_RECORDS SUPPLIED_
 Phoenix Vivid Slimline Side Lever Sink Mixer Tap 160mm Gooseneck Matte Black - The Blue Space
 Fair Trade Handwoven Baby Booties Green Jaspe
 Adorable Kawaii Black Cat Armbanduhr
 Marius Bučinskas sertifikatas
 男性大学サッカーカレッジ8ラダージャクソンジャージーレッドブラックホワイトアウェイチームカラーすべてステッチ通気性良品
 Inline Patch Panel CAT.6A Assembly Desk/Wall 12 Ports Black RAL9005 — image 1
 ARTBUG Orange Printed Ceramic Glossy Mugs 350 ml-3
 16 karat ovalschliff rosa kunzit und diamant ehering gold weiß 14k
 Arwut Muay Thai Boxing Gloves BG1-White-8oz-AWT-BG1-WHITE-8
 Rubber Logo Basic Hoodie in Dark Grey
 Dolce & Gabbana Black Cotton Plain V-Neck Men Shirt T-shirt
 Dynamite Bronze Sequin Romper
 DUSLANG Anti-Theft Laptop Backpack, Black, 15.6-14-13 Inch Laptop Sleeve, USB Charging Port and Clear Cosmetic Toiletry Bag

_PROBLEM DETAILS_
Word for word, quote the lines from the line containing "Dolce & Gabbana" through the end of the material, both included, and nothing else.

_RESULT BELOW_
 Dolce & Gabbana Black Cotton Plain V-Neck Men Shirt T-shirt
 Dynamite Bronze Sequin Romper
 DUSLANG Anti-Theft Laptop Backpack, Black, 15.6-14-13 Inch Laptop Sleeve, USB Charging Port and Clear Cosmetic Toiletry Bag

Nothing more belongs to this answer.